Receipt Chain Creation
Creating a chain of 10 receipts (123.77 us) includes one identity creation (~8.78 us) and 10 receipt signings (~11.55 us each). The total closely matches the sum of individual operations: 8.78 + (10 x 11.55) = 124.28 us, confirming no hidden per-chain overhead.
Throughput Estimates
For planning capacity:
| Operation | Estimated throughput |
|---|---|
| Identity creation | ~114,000 / sec |
| Receipt signing | ~86,600 / sec |
| Receipt verification | ~45,900 / sec |
| Trust grant signing | ~80,600 / sec |
| Trust grant verification | ~45,800 / sec |
| Trust chain verify (depth 2) | ~22,900 / sec |
These are single-threaded estimates. All operations are independent and scale linearly with CPU cores.
Reproduction
Run the benchmarks yourself:
cargo bench -p agentic-identityResults are written to target/criterion/ with HTML reports including statistical distributions, iteration counts, and regression detection.
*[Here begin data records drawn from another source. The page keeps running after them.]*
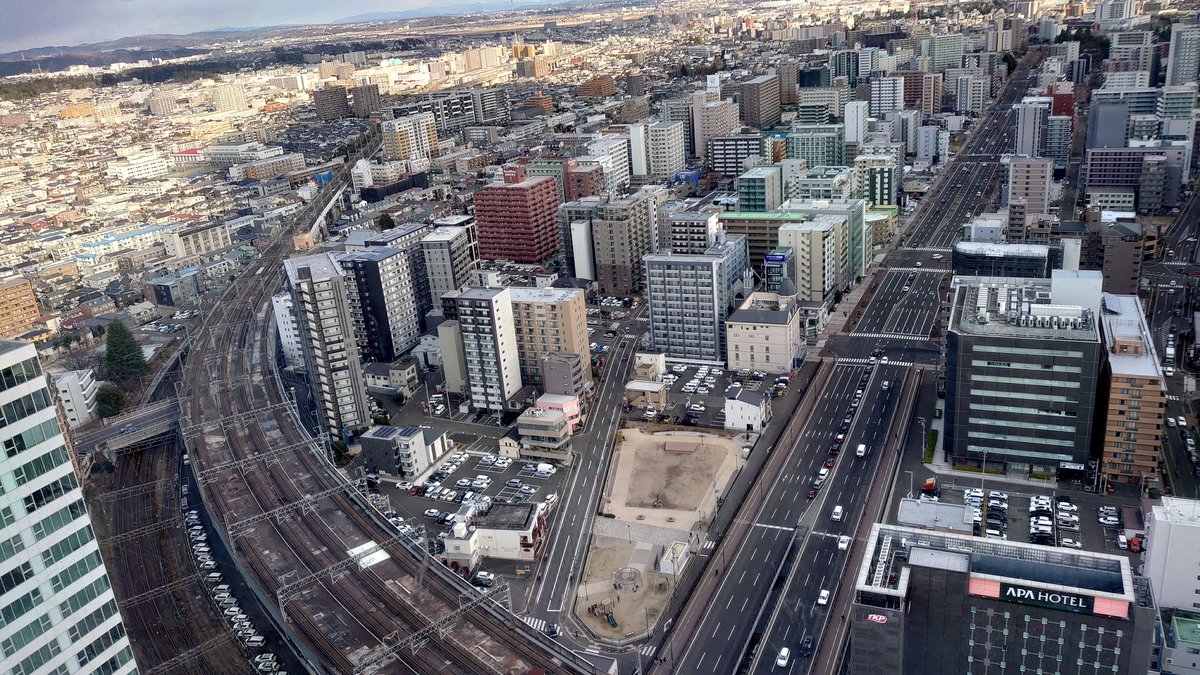 meoz's tweet image. そうそう、仙台行った時に念願のAERの31階展望テラス行けた
めっちゃ高かったフハハ！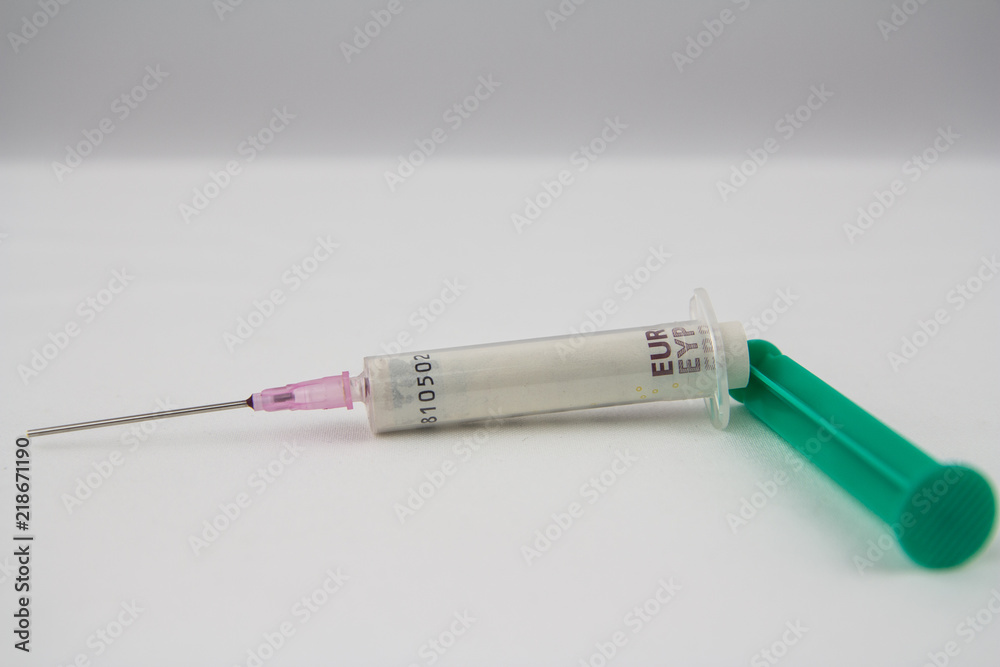 Fototapeta premium syringe with euro money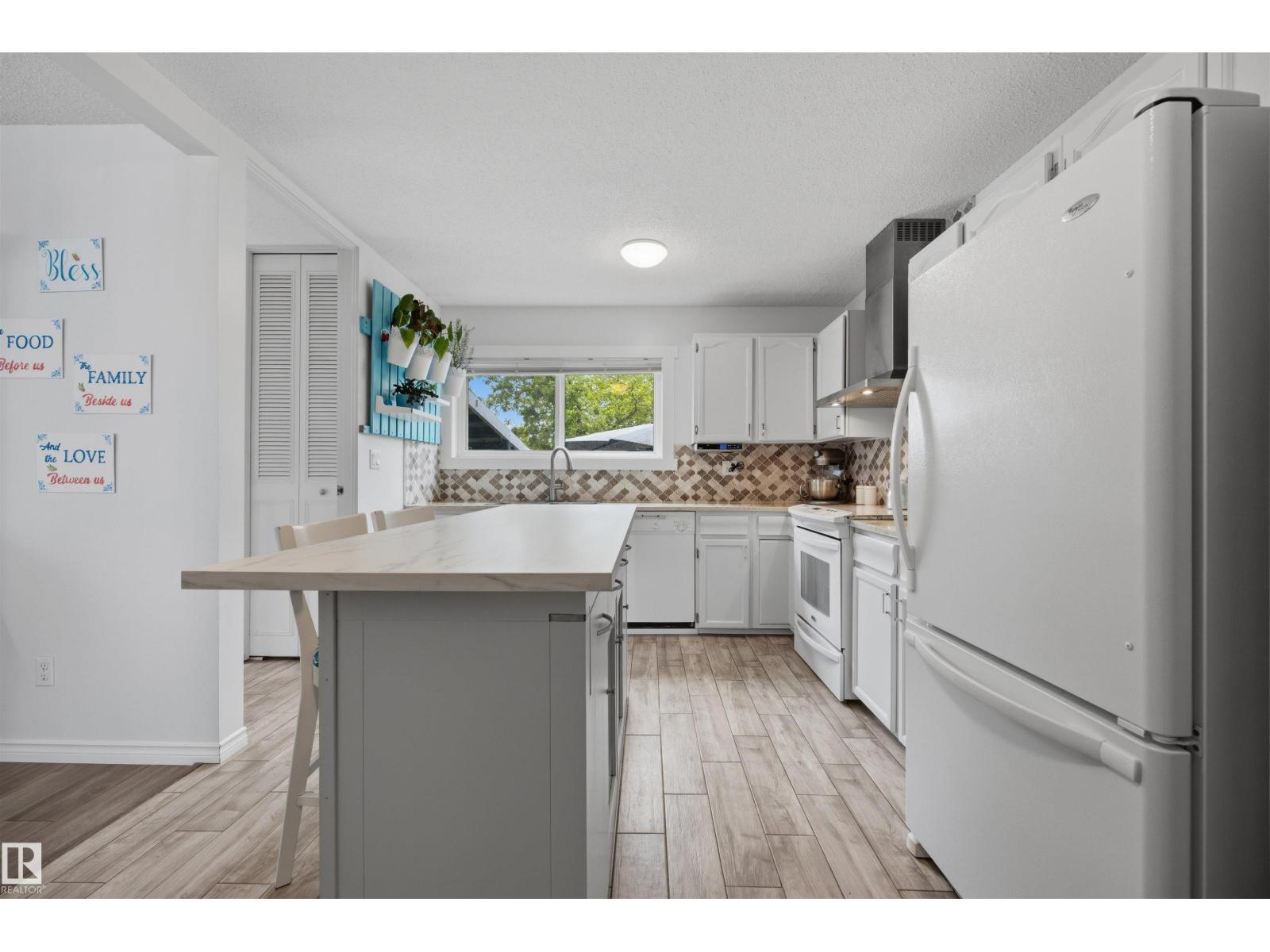 11707 150 Ave NW NW - 12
What is NOT Benchmarked Here
- Argon2id passphrase derivation is intentionally slow (~200-500 ms) and is not included in the table above. It runs only during
.aidfile save/load operations. - File I/O (disk read/write) is excluded because it depends on storage hardware.
- Network latency for revocation channel checks is excluded because it depends on infrastructure.